I’ve somehow managed to read book after book for the last year or so. Normally, while I’m in school, reading for enjoyment is pushed to the very far back burner that barely even exists. I can never bring myself to focus on a book when all I do each day is read a bunch of information from a textbook that I can’t seem to care less about.
However, I’ve somehow been able to keep myself going with the momentum that comes from finishing one book and picking up another. It doesn’t help that Amazon just keeps sending me all these new books… They really need to get that looked at…
I’ve had a lot of people ask me what’s on my book list these days, so I thought I’d make a big ol’ master list so I can also keep track of what books I’ve read. If I’ve read the book, I’ll add it to my “already read” list with a little description and what I thought about it in general. Then on the “next up” list I’m going to keep adding what books Amazon will most likely send me next. (Amazon is an enabler – and I don’t hate it.) I’d also love any and all suggestions that you may have for my “next up” list. I’m always looking for books that other people have read and love. Let’s see if I can keep this momentum going – I may need a few more book shelves.
- The Wounded Healer by Henri Nouwen // This book got me hooked on Henri Nouwen’s writing. My dear friend Riley suggested it when I originally wanted to get back into reading regularly, and it did not disappoint. It speaks to one’s ability to minister to and be in community with those around them through mutual hurt and struggle. One must recognize the heart in their own heart before they can speak into the lives of others, but at the same time, it’s a common foundation which to build a relationship upon. Again, highly recommend this one – it’s full of beautiful truths and hard challenges.

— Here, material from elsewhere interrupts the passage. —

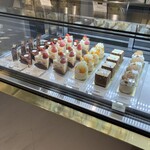 LESS by Gabriele Riva & Kanako Sakakura - 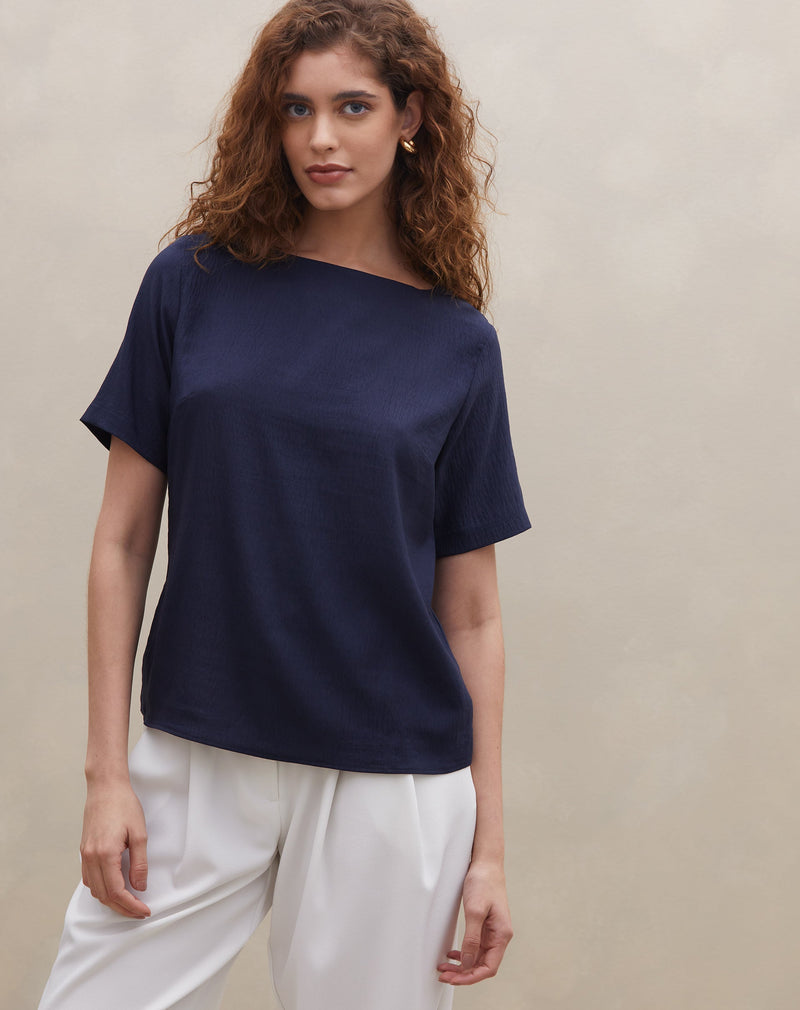 Blusa Manga Curta Decote Canoa Acinturada - Azul Marinho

- Garden City by John Mark Comer // I heard so many good things about this book before I ever picked it up. It was definitely an interesting read that made me actively think and process throughout the whole thing. It poses interesting and uncommon perspectives surrounding work and rest. It’s definitely something I would recommend to anyone.
- Man’s Search For Meaning by Viktor Frankl // Guys, I literally read this book in 10 hours. I COULD NOT put it down. I sat on the porch ALL day and just flipped from page to page. Now, as I say that, let me also preface this with saying it’s a very heavy read. It’s not necessarily a hard read, but it’s full of some of the most difficult trials anyone could ever experience. I’d honestly like to read it again to pick out more nuggets that I missed the first time around. Let’s just say that half of the book is covered with yellow highlighter. It speaks so eloquently to the strength, perseverance, and meaning that can be achieved only through struggles and trials.
- Unreasonable Hope by Chad Veech // I had high expectations when I started to read this book about Chad and his wife’s struggles with their girl, Georgia, who developed a disorder that has affected every aspect of her life and theirs. I love books that are based on life stories and the lessons that are learned through the trials. While it was a good book that displayed the strength and challenges endured by this family, it fell a little short for me. And to be completely honest, it’s probably because I read it right after Man’s Search For Meaning, which is why it seemed to fall a little flat.
- If You Find This Letter by Hannah Brencher // I’ve been following Hannah’s organization, More Love Letters for years now; from before I ever really knew what it was or why it was stared. Hannah is someone who you can always count on to be honest, yet encouraging and motivating. Someone who lives and breathes for others, but preaches the need to take care of one’s self – even when that seems impossible. Her book walks through her experience in New York City, working for a large non-profit, and the hobby she built encouraging strangers through the writing of letters. She’s one of those people I dream of sitting down for coffee with, just talking and dreaming and speaking life to each other. Let me know if you’re ever in San Diego, Hannah ;) You’ll probably also want to check out her blog here.
- The Inner Voice of Love by Henri Nouwen // I love everything Nouwen writes. That’s something I discovered early on this year. However, this may be my favorite that I’ve read so far. I don’t even think that I could explain it, so all I’m going to say is GO READ IT NOW.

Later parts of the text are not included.